Work request: The full set of records below is to be reproduced without a single alteration.

Records for the task:
——————
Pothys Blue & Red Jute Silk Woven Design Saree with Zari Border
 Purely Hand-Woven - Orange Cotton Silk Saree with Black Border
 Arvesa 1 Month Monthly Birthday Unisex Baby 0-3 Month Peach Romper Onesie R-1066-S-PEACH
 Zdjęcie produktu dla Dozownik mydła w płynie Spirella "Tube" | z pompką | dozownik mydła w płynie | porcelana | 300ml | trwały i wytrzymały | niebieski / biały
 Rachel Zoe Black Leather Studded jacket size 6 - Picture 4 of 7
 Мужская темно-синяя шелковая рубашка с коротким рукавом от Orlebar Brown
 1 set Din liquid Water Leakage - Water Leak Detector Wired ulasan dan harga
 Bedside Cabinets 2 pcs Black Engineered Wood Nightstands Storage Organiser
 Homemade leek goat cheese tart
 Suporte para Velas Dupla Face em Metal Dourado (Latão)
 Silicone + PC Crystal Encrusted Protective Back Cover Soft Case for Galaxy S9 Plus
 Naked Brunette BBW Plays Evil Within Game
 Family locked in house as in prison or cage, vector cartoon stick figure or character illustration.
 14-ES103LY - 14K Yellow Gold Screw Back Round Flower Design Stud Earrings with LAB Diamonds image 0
——————
Answer for this exercise:
Pothys Blue & Red Jute Silk Woven Design Saree with Zari Border
 Purely Hand-Woven - Orange Cotton Silk Saree with Black Border
 Arvesa 1 Month Monthly Birthday Unisex Baby 0-3 Month Peach Romper Onesie R-1066-S-PEACH
 Zdjęcie produktu dla Dozownik mydła w płynie Spirella "Tube" | z pompką | dozownik mydła w płynie | porcelana | 300ml | trwały i wytrzymały | niebieski / biały
 Rachel Zoe Black Leather Studded jacket size 6 - Picture 4 of 7
 Мужская темно-синяя шелковая рубашка с коротким рукавом от Orlebar Brown
 1 set Din liquid Water Leakage - Water Leak Detector Wired ulasan dan harga
 Bedside Cabinets 2 pcs Black Engineered Wood Nightstands Storage Organiser
 Homemade leek goat cheese tart
 Suporte para Velas Dupla Face em Metal Dourado (Latão)
 Silicone + PC Crystal Encrusted Protective Back Cover Soft Case for Galaxy S9 Plus
 Naked Brunette BBW Plays Evil Within Game
 Family locked in house as in prison or cage, vector cartoon stick figure or character illustration.
 14-ES103LY - 14K Yellow Gold Screw Back Round Flower Design Stud Earrings with LAB Diamonds image 0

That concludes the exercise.